*** Opening of DATA RECORDS ***

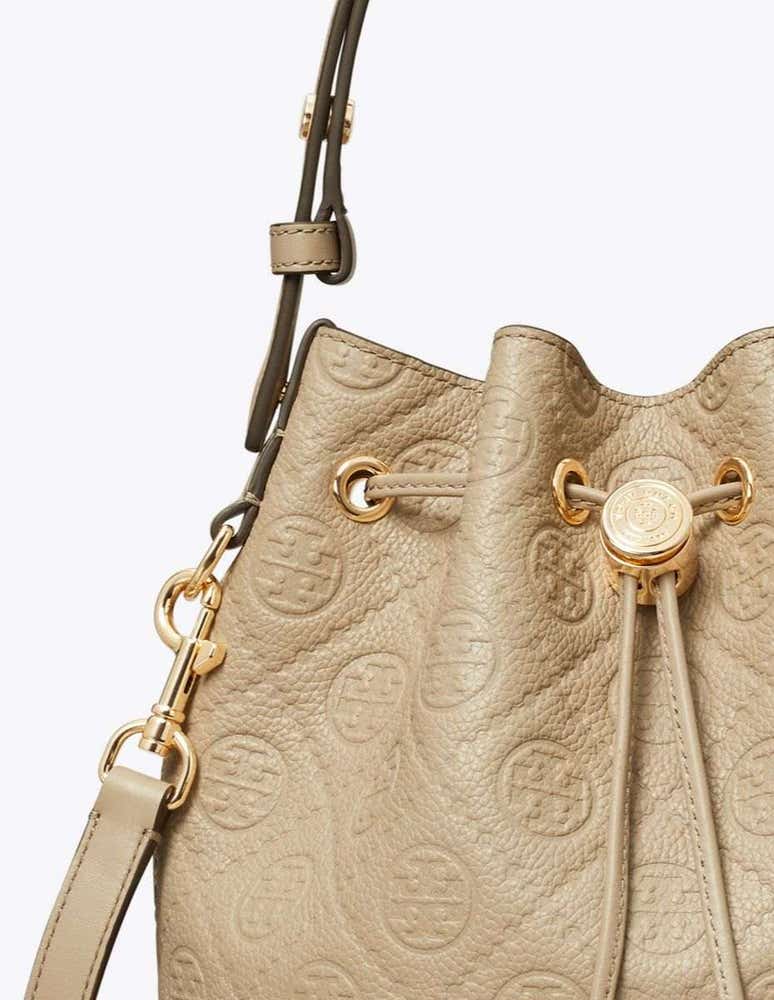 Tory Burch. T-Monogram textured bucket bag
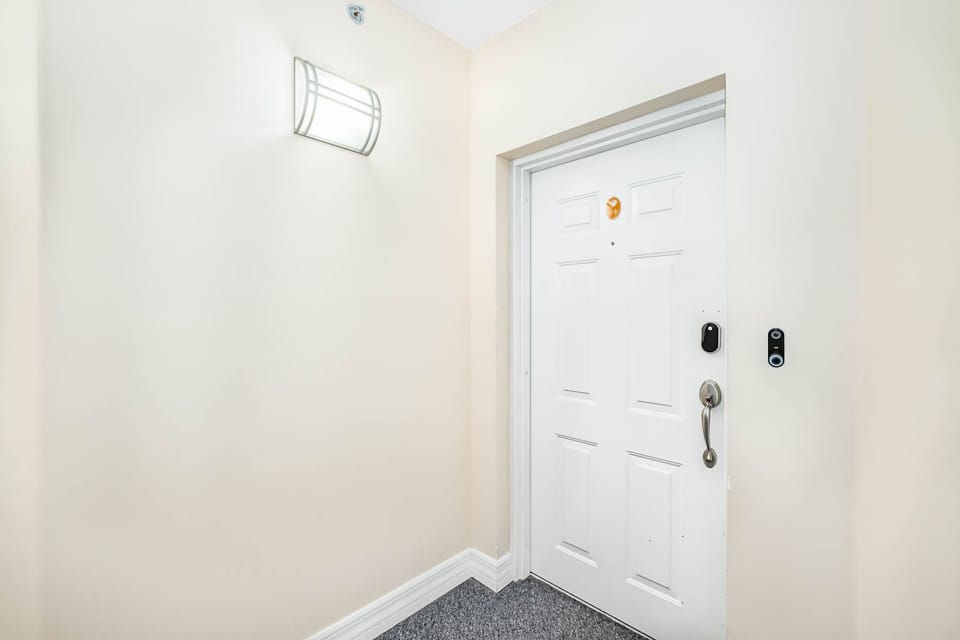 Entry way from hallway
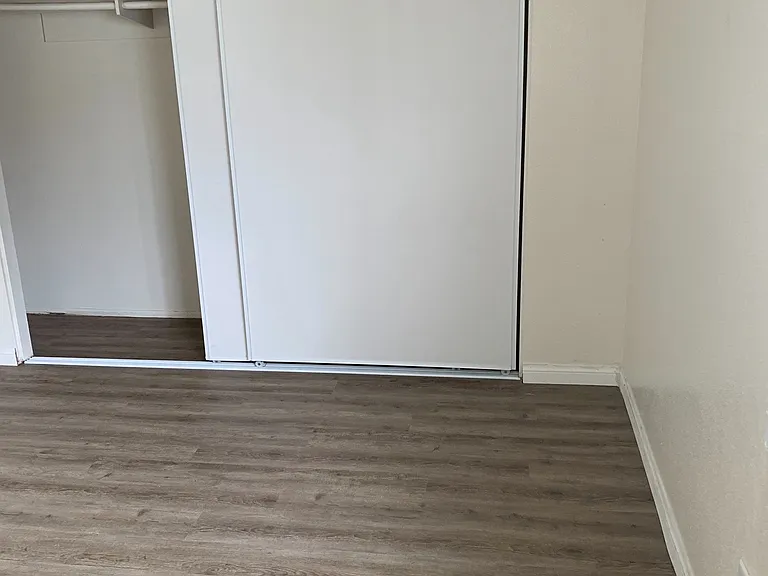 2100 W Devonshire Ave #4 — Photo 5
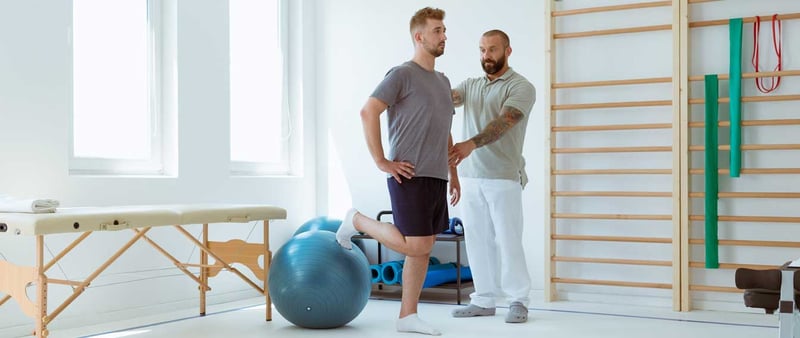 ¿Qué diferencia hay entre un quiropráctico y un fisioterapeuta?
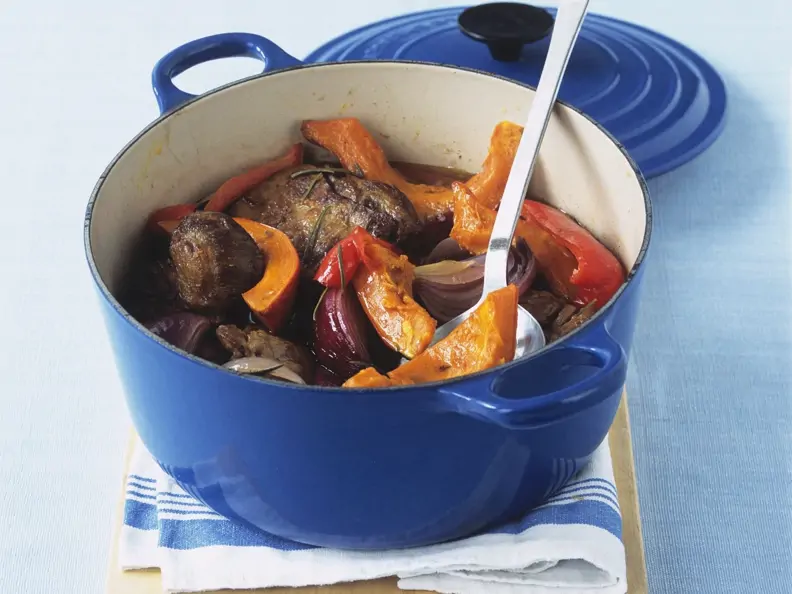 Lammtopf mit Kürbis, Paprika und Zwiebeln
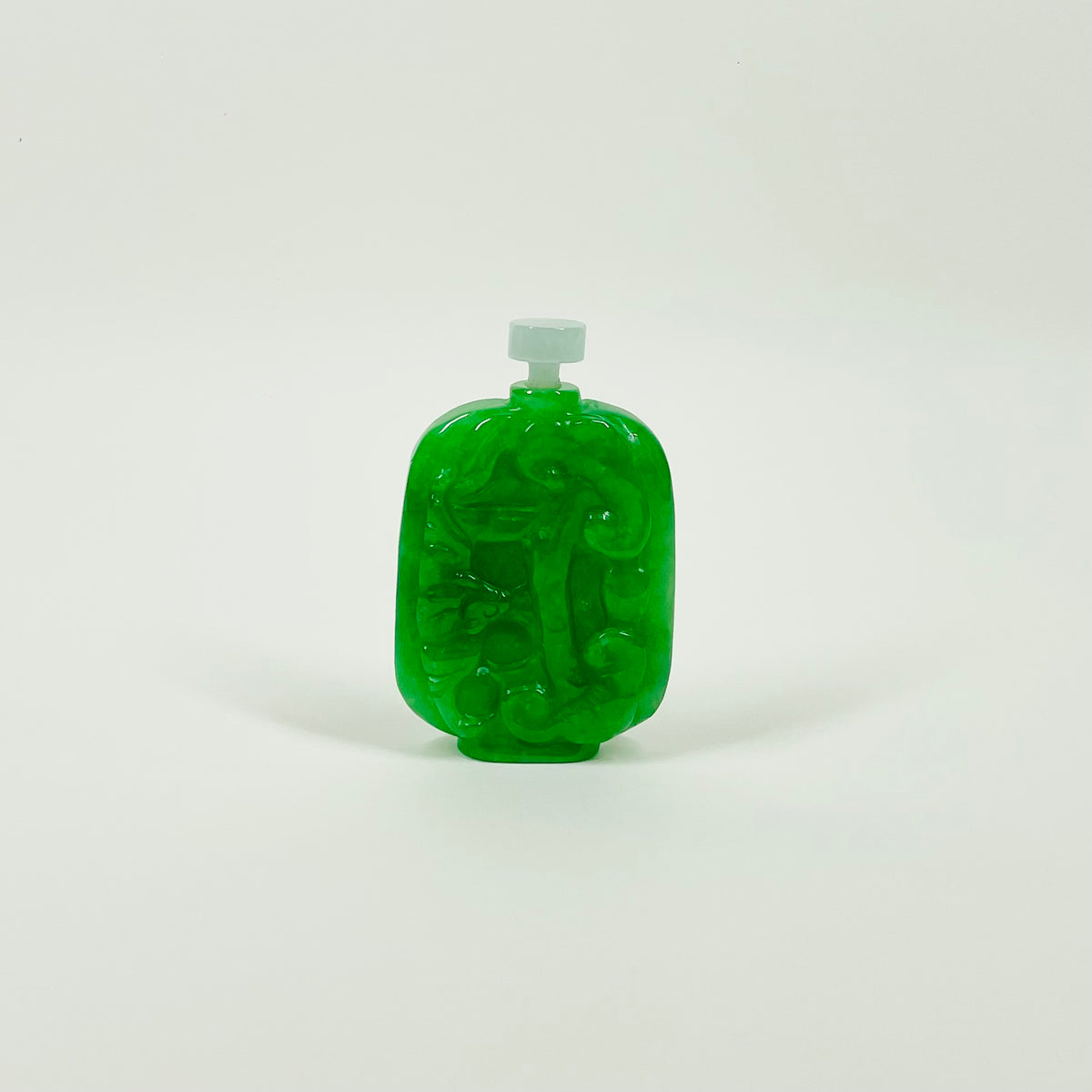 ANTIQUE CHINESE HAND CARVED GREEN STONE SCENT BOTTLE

*** Close of DATA RECORDS ***

ABOUT THIS EXERCISE:
Could you repeat the listing above exactly, omitting its pictures?

YOUR RESPONSE:
 Tory Burch. T-Monogram textured bucket bag
 Entry way from hallway
 2100 W Devonshire Ave #4 — Photo 5
 ¿Qué diferencia hay entre un quiropráctico y un fisioterapeuta?
 Lammtopf mit Kürbis, Paprika und Zwiebeln
 ANTIQUE CHINESE HAND CARVED GREEN STONE SCENT BOTTLE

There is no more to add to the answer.